MLC presents ‘The Pirates of Penzance’
By KREMENA SPENGLER Staff WriterArticle Photos
Fact Box
If you go
What: MLC's fall musical, "The Pirates of Penzance"
When: 7:30 p.m. Friday, Nov. 6 and Saturday Nov. 7; and at 2 p.m. on Sunday, Nov. 8
Where: MLC auditorium
Cost: $6, $8 and $10 (students, seniors, general public)
More information can be found at mlcforum.org, or by calling 233-9114.
NEW ULM - The Martin Luther College (MLC) Forum presents its fall musical, Gilbert and Sullivan's "The Pirates of Penzance " this weekend.
The production is an operetta - but spectators should not be scared of the term, notes Director Sarah Sauer.
It's a funny, light, fun show that, in its 130th year, has stood the test of time, Sauer said.
An operetta is a funny, dramatic work where most dialogue is sung, with a sprinkling of straight talking, according to a description from musicaltheatreguide.com.
The singing and acting carry the show, Saur said. The costumes and sets are not meant to stand out in their own right - but rather, to support the performance.
The show is being put on by a "talented, dedicated" group who have really "put themselves into the show," Sauer said.
About 40 students are part of the production, and Sauer said it's been rewarding to "mold them into a cast, a tight-knit group."

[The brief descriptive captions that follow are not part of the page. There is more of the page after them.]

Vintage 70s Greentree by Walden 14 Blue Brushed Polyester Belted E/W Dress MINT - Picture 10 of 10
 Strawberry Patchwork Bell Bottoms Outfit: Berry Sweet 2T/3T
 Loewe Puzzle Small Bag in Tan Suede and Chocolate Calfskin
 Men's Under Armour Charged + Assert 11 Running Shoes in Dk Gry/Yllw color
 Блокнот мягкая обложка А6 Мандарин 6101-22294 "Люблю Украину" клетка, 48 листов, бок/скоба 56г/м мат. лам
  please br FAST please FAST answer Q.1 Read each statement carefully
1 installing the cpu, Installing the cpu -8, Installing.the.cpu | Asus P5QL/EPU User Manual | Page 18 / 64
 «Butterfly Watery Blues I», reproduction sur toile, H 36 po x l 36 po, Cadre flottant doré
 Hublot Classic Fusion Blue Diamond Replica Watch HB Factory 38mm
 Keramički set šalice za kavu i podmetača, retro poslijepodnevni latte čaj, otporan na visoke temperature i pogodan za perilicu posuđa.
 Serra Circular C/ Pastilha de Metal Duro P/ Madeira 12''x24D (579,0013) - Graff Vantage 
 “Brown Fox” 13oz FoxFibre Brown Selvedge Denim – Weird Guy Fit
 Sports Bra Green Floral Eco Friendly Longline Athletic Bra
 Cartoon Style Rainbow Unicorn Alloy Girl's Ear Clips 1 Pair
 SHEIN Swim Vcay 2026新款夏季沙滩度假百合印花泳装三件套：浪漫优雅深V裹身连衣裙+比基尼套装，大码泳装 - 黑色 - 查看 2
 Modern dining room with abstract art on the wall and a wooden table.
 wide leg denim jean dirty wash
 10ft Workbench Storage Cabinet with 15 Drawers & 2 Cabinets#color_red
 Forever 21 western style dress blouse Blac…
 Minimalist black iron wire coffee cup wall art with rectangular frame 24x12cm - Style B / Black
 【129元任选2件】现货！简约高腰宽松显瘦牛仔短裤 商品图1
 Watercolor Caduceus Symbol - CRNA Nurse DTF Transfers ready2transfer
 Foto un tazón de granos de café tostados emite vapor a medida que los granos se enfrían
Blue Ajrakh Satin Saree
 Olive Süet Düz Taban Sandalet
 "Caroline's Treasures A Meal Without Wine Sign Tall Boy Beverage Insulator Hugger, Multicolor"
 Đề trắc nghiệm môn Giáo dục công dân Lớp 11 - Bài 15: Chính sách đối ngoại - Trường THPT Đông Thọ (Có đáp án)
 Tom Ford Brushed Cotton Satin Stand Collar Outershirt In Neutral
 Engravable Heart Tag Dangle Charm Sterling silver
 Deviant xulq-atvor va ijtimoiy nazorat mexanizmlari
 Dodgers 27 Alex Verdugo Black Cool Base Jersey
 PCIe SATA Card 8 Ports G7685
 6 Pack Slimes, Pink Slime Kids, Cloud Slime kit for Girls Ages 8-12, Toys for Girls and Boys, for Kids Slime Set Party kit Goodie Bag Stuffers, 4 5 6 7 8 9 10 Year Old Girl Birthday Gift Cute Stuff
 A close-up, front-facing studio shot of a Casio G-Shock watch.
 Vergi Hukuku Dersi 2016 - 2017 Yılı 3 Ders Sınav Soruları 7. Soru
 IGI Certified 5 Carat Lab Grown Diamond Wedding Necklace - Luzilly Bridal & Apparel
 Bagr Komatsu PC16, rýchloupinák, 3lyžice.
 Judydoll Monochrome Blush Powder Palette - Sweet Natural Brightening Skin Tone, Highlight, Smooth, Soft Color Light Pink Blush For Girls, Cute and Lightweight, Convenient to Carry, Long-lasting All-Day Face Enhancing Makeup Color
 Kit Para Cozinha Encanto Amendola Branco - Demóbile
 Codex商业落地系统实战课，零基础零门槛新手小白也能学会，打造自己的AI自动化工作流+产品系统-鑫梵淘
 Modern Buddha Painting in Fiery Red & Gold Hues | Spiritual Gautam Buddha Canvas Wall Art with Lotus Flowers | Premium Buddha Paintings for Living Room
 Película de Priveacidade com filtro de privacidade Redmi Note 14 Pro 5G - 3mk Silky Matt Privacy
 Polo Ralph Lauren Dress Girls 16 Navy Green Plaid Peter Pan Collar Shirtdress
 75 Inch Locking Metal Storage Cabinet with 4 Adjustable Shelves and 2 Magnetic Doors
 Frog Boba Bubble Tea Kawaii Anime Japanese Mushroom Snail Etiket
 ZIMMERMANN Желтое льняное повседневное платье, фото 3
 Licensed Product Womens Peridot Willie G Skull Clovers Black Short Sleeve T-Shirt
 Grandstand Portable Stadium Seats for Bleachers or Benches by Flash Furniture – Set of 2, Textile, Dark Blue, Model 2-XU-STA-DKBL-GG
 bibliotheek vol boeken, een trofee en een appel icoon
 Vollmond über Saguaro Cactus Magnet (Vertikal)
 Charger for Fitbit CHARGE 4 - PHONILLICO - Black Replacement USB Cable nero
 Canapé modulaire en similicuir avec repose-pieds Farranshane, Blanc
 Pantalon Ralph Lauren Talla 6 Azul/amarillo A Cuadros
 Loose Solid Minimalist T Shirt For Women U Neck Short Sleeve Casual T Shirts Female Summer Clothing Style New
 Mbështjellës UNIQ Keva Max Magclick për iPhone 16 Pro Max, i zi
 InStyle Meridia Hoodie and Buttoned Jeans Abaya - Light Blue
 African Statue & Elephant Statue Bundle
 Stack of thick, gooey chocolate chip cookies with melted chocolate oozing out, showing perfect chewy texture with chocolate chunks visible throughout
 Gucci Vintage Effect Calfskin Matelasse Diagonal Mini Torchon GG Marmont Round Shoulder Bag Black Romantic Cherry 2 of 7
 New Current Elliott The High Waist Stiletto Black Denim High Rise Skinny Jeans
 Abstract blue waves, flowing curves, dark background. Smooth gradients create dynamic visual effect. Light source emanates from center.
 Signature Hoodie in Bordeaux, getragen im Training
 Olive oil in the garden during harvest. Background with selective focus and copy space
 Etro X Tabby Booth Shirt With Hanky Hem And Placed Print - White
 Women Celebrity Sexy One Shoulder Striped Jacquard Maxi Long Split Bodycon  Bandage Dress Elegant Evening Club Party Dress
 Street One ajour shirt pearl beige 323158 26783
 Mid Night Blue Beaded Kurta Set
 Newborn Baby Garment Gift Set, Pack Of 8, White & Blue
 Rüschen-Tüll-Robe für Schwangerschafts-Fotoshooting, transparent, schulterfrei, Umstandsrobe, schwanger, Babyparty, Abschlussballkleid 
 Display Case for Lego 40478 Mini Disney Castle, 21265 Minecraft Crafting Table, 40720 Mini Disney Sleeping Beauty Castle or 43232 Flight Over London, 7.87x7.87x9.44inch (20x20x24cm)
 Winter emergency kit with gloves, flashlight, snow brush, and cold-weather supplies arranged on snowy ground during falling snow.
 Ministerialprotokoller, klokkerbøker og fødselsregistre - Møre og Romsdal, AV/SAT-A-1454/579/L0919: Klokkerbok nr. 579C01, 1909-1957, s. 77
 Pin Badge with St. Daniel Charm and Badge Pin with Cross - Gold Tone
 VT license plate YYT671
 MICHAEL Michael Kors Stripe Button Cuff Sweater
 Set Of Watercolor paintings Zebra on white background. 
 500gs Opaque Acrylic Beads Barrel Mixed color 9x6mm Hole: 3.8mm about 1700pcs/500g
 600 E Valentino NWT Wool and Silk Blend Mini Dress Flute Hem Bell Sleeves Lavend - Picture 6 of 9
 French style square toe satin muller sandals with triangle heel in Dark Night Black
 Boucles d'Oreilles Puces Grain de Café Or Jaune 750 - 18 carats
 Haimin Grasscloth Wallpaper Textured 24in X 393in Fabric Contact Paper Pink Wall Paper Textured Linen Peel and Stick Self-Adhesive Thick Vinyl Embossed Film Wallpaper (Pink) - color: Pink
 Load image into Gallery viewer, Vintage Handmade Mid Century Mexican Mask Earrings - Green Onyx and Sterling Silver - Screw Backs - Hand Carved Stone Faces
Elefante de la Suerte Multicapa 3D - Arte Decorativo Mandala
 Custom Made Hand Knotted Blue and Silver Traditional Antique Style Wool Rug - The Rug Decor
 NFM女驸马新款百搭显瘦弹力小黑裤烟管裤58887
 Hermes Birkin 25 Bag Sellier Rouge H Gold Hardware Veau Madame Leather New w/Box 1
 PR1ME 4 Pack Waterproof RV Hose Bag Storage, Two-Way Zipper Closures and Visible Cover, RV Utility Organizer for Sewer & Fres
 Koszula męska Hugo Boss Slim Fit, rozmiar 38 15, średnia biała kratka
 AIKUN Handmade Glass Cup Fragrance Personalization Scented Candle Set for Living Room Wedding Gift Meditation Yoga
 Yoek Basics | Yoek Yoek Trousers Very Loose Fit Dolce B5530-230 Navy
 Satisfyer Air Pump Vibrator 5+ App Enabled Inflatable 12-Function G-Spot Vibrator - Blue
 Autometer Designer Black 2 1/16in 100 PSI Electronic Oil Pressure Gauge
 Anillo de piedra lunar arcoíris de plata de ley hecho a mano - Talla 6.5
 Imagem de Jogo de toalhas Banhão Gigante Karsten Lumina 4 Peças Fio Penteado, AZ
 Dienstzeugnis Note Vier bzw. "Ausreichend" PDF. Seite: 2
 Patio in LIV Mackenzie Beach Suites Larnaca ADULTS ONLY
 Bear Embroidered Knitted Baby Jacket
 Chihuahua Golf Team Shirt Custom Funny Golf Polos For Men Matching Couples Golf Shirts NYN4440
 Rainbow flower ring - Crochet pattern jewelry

"I've had a great time (directing the cast) - they've made me laugh every single (practice) time," the director said.
"The Pirates of Penzance"
The Story
When Frederic was yet a little boy, his nurse, Ruth, was told to apprentice him to become a pilot, according to a synopsis relayed by production manager Justin Liepert.
Ruth heard the word incorrectly and apprenticed him to a band of pirates, remaining with them herself as a maid-of-all-work.
Although Frederic loathed the trade to which he had thus been bound, he dutifully served; and, as the curtain rises, his indentures are almost up and he is preparing to leave the band and devote himself to the extermination of piracy.
He urges the pirates to join him in embracing a more lawful calling, but they refuse. Ruth, however, wishes to become his wife. Having seen but few women, he does not know whether she is really as pretty as she says she is; but he finally consents to take her.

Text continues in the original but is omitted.